Yet it took months of back-and-forth, in which we had to insist that the emails were public record, before we obtained them.
Only when our lawyer stepped up the dispute by formally threatening to sue did the agency release the records.
Even then, it took nearly two more months to finally receive the emails.
They came in a batch of 2,700 emails after 6 p.m. on the Friday before Martin Luther King weekend.
After wading through them all, we found what we had suspected: SANDAG staff had discovered in fall 2015 the fatal flaw in its economic forecast that had spiked revenue projections for their tax increases beyond reasonable expectations.
Staff then put together a painstaking presentation to the agency’s executive leadership detailing the problem – though they misdiagnosed the specific cause of the problem – and the implications for both the 2004-approved sales tax TransNet and any future tax, such as Measure A, which the agency nonetheless put on the ballot months later carrying the faulty revenue expectations.
Executives said they did not disclose the erroneous forecast because the agency’s former chief economist convinced them that while the expectations were aggressive, they were not impossible. The agency has since adopted a new forecast and acknowledged that the old one was simply wrong, not a difference of opinion between economists.
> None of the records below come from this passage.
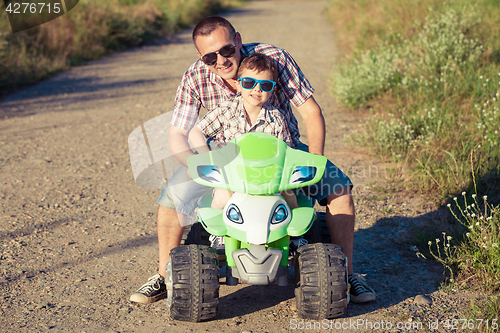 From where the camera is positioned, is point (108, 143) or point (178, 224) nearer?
point (178, 224)

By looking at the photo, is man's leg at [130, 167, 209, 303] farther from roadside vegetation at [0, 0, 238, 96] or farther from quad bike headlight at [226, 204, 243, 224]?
roadside vegetation at [0, 0, 238, 96]

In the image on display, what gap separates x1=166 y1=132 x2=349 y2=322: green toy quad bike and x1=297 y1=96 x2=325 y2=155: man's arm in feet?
1.38

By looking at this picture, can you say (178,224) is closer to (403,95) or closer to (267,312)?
(267,312)

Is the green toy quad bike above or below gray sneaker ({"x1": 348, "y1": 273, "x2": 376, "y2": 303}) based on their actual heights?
above

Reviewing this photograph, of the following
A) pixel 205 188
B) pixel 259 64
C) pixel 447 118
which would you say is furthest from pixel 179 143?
pixel 447 118

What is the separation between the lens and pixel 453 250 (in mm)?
3650

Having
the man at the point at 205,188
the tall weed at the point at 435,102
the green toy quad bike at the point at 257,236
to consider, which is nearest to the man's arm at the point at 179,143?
the man at the point at 205,188

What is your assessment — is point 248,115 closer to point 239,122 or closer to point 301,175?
point 239,122

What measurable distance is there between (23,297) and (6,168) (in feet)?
9.23

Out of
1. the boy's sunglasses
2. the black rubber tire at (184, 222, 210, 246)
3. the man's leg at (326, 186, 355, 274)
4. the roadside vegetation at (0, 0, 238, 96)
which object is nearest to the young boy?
the boy's sunglasses

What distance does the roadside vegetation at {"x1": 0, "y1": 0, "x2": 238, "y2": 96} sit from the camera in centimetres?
934

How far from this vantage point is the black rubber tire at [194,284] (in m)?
2.63

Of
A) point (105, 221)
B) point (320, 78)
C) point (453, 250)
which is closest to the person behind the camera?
point (453, 250)

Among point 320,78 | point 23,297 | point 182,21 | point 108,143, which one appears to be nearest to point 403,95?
point 320,78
Public records are a bedrock of journalism. They’re not always easy to get, though, despite laws requiring agencies to turn them over. Agencies and officials regularly claim exemptions from the law that don’t apply. Just as often, staffing shortages and other responsibilities result in improper but understandable delays.
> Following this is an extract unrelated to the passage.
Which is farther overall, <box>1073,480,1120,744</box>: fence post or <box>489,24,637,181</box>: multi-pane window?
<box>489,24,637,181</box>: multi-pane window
Typically, this is all an unremarkable part of journalism.
The gravity of the revelations contained in the emails and the fact that we requested them before an election — and yet they were held for many months longer — make this a far more serious transgression than everyday records-wrangling.
On Oct. 28, 2016, we requested under the California Public Records Act all agency correspondence relating to a series of keywords associated with the flaw in SANDAG’s forecasting model.
Two weeks later, on Nov. 11, a SANDAG paralegal provided the agency’s initial response. Our request produced 7,700 emails, he said. The agency claimed that it would take three minutes to inspect every email, amounting to 385 hours of staff time, and would therefore overly burdensome on the agency —a claim that he said exempted them from complying with the law.
“The public interest served by not disclosing the records clearly outweighs the public interest served by disclosure of the record,” wrote Peter Stevens, citing a section of government code and a legal case from 1982.
We offered to narrow the request to apply only to employees directly involved with the agency’s models and forecasting.
The new search still resulted in 7,700 emails, the exact same number, Stevens said, so they were still not required to turn over the records.
That’s when we decided to get our lawyer involved.
Felix Tinkov, a partner at Lounsberry Ferguson Altona & Peak in San Diego, said that ultimately, the case SANDAG cited as precedent would not hold up.
It’s true that the burden of disclosing records for an agency needs to be weighed against the public interest in whatever the records would reveal. But in the court case SANDAG cited to make that point, there was a limited level of public interest in the records.
There are other reasons why the case SANDAG relied on as precedent was problematic: Since it happened in 1982, it had lost some of its impact. Technology can now help agencies relieve the burden of sifting through records by hand, as they did when that case took place. And, the request in that case was for a random sampling of documents, whereas ours was a specific and focused request.
Oh, and SANDAG seemed to have plucked the “three minutes per email” standard out of thin air.
On Nov. 21, Tinkov submitted a letter to SANDAG outlining the issues with the agency’s claims and emphasized we would take the matter to court if necessary.
“We hope it does not come to this,” Tinkov wrote.
In response, SANDAG offered to provide emails from Nov. 1 2015 through Nov. 30 2016. That represented some 2,725 emails.
On Dec. 5, we agreed. SANDAG said it expected to finish reviewing the emails by the end of 2016 and would let us know at that point when we would receive them.
But on Jan 3. 2016, SANDAG said it had reviewed just over half of the 2,725 emails. Stevens said SANGAG expected to complete its review by the end of January – nearly three months after the initial request.
Instead, we proposed: Why don’t you turn over the records you have already reviewed? Since the review was now taking twice as long as the original estimate, why don’t you give us what you have so far?
SANDAG countered that it would make all of the 2,725 records available on Jan. 13.
We accepted their offer and agreed to forgo taking the issue to court for the time being, assuming the records were released on or before Jan. 13.
Finally, on Jan. 13, at 6:09 p.m. of a three-day weekend, SANDAG provided the records that we had requested 78 days earlier.